#### What you will do:
Using the entries below, output exactly the lines from the one containing "2025 YILI STAJ" through the final line, both included, and no others.

#### Records for processing:
- Opening Delimiter -
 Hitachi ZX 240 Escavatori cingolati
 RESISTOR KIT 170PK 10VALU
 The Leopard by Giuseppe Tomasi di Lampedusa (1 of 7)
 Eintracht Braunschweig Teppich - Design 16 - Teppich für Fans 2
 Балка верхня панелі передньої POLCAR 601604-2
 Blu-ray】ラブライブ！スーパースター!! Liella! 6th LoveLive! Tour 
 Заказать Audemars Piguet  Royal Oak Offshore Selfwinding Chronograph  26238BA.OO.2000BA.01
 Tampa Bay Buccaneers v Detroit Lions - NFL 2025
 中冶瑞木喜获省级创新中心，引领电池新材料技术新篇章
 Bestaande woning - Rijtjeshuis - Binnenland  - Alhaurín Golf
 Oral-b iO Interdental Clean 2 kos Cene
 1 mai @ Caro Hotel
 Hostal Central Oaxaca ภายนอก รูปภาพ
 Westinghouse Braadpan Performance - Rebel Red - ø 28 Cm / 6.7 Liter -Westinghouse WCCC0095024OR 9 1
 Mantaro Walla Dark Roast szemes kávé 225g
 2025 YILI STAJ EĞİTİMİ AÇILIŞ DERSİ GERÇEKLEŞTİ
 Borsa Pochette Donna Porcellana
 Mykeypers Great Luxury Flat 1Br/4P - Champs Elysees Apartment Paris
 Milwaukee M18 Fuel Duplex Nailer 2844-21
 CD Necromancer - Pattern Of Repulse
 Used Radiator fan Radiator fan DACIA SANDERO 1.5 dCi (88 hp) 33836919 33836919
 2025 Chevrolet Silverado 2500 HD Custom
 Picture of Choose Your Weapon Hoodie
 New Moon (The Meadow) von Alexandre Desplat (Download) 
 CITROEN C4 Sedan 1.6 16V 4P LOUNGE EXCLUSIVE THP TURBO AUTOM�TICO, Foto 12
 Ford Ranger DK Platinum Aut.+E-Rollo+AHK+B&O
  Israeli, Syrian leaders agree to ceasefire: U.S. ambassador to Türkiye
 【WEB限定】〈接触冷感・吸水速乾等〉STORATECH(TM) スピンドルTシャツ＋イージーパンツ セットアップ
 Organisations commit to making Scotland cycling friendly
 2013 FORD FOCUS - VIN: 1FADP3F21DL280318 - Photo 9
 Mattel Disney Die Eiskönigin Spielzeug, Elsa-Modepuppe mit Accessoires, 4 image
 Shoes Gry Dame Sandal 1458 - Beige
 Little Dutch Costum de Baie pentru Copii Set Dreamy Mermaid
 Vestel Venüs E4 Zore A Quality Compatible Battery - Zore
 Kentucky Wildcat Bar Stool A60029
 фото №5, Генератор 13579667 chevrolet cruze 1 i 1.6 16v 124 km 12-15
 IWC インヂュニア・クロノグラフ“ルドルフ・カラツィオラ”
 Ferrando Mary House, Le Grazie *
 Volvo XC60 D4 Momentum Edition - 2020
- Closing Delimiter -
#### Task response:
 2025 YILI STAJ EĞİTİMİ AÇILIŞ DERSİ GERÇEKLEŞTİ
 Borsa Pochette Donna Porcellana
 Mykeypers Great Luxury Flat 1Br/4P - Champs Elysees Apartment Paris
 Milwaukee M18 Fuel Duplex Nailer 2844-21
 CD Necromancer - Pattern Of Repulse
 Used Radiator fan Radiator fan DACIA SANDERO 1.5 dCi (88 hp) 33836919 33836919
 2025 Chevrolet Silverado 2500 HD Custom
 Picture of Choose Your Weapon Hoodie
 New Moon (The Meadow) von Alexandre Desplat (Download) 
 CITROEN C4 Sedan 1.6 16V 4P LOUNGE EXCLUSIVE THP TURBO AUTOM�TICO, Foto 12
 Ford Ranger DK Platinum Aut.+E-Rollo+AHK+B&O
  Israeli, Syrian leaders agree to ceasefire: U.S. ambassador to Türkiye
 【WEB限定】〈接触冷感・吸水速乾等〉STORATECH(TM) スピンドルTシャツ＋イージーパンツ セットアップ
 Organisations commit to making Scotland cycling friendly
 2013 FORD FOCUS - VIN: 1FADP3F21DL280318 - Photo 9
 Mattel Disney Die Eiskönigin Spielzeug, Elsa-Modepuppe mit Accessoires, 4 image
 Shoes Gry Dame Sandal 1458 - Beige
 Little Dutch Costum de Baie pentru Copii Set Dreamy Mermaid
 Vestel Venüs E4 Zore A Quality Compatible Battery - Zore
 Kentucky Wildcat Bar Stool A60029
 фото №5, Генератор 13579667 chevrolet cruze 1 i 1.6 16v 124 km 12-15
 IWC インヂュニア・クロノグラフ“ルドルフ・カラツィオラ”
 Ferrando Mary House, Le Grazie *
 Volvo XC60 D4 Momentum Edition - 2020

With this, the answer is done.